**What to produce**
Quote word for word from the line holding "New Orleans Saints" to the last line below, including both, and omit any pictures.

**Data below**
↓

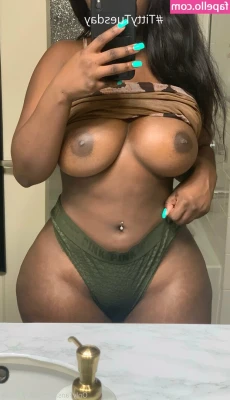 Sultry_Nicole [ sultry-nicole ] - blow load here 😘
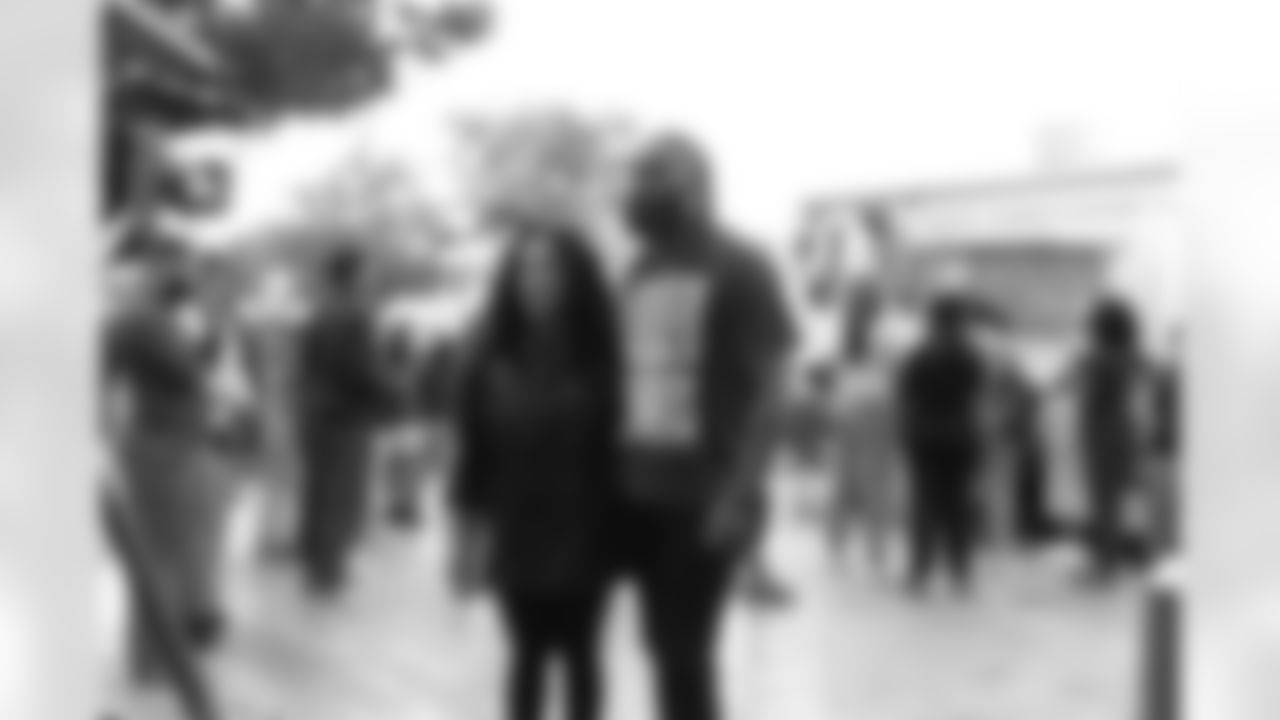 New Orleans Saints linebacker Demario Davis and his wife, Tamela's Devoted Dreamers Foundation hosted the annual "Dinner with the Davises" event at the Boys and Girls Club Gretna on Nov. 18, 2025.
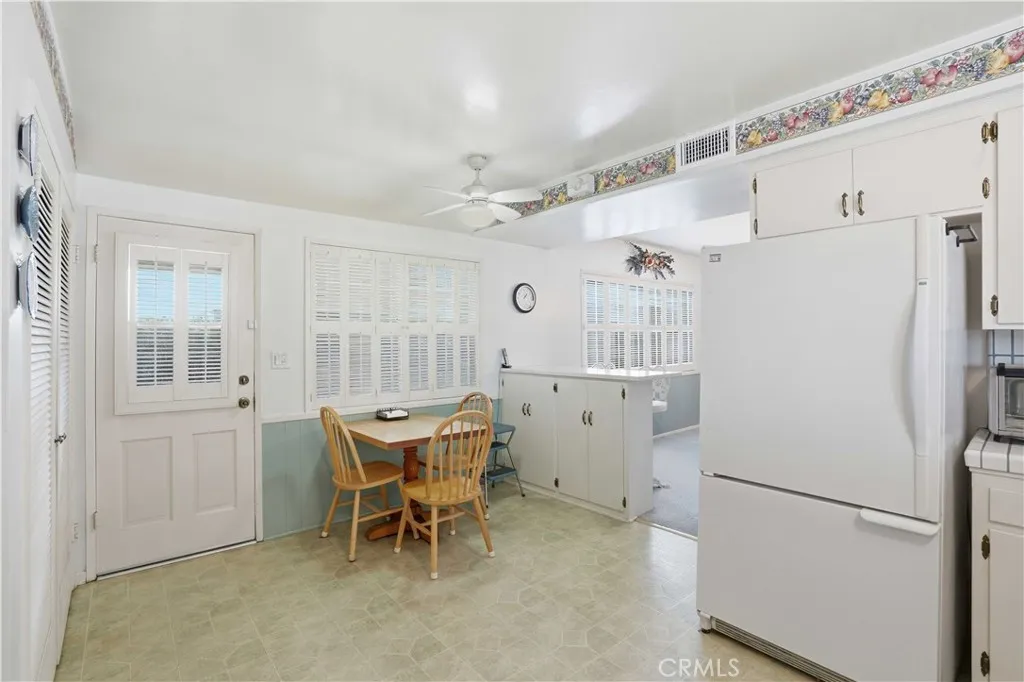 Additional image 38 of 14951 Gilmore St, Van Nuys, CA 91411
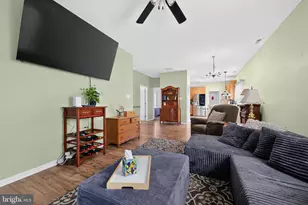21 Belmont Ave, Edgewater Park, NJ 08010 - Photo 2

↑

**Written reply**
 New Orleans Saints linebacker Demario Davis and his wife, Tamela's Devoted Dreamers Foundation hosted the annual "Dinner with the Davises" event at the Boys and Girls Club Gretna on Nov. 18, 2025.
 Additional image 38 of 14951 Gilmore St, Van Nuys, CA 91411
21 Belmont Ave, Edgewater Park, NJ 08010 - Photo 2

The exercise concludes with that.